■ ABOUT THIS TASK
Please retype the listing below exactly as it stands, skipping any pictures.

━━━━━ SUPPLIED INFORMATION ━━━━━

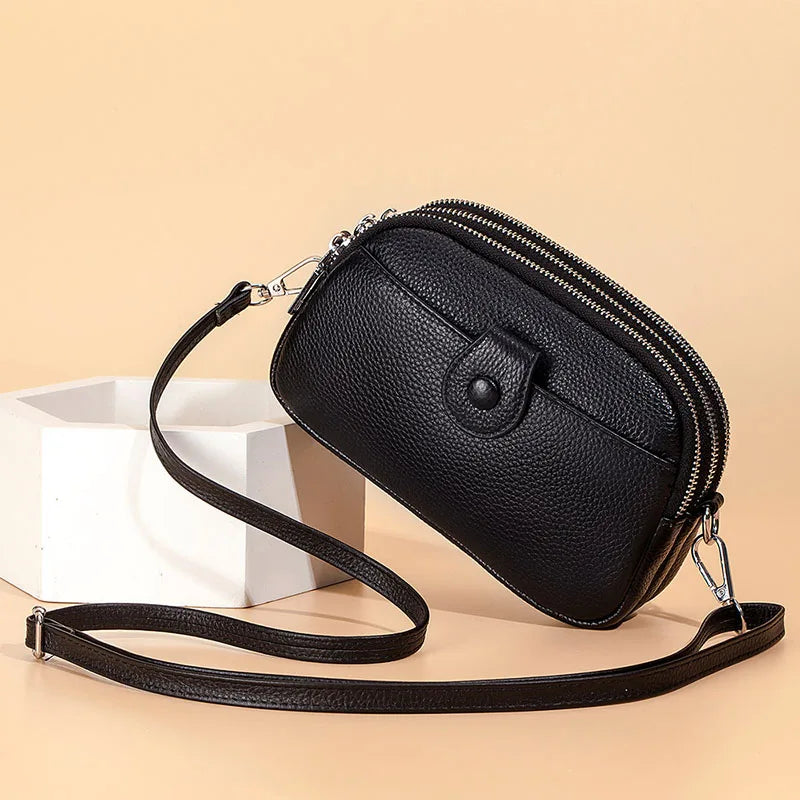 Signature Convertible Carry women’s black pebbled leather crossbody bag with detachable adjustable strap and 3 pocket zip closure with silver hardware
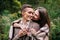 Couple under the plaid in an autumn romantic forest. Autumn wedding outdoors.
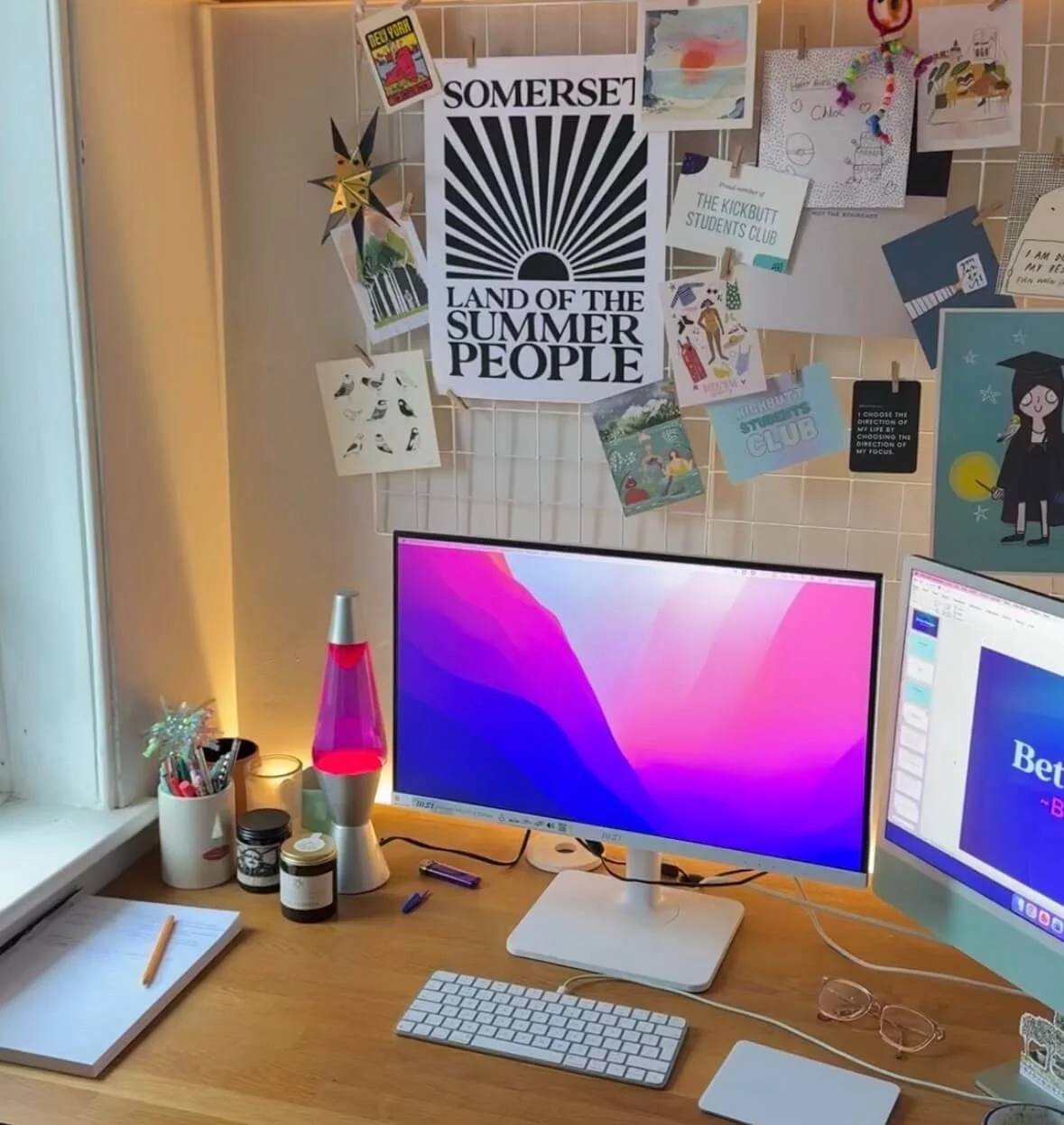 A home office desk with a dual monitor setup, a lava lamp, pens, notebooks, glasses, and decorative items. The wall behind features a white grid with various posters, artwork, and notes pinned, including a prominent black and white poster reading 'SOMERSET LAND OF THE SUMMER PEOPLE'.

━━━━━

■ ANSWER BOX
 Signature Convertible Carry women’s black pebbled leather crossbody bag with detachable adjustable strap and 3 pocket zip closure with silver hardware
 Couple under the plaid in an autumn romantic forest. Autumn wedding outdoors.
 A home office desk with a dual monitor setup, a lava lamp, pens, notebooks, glasses, and decorative items. The wall behind features a white grid with various posters, artwork, and notes pinned, including a prominent black and white poster reading 'SOMERSET LAND OF THE SUMMER PEOPLE'.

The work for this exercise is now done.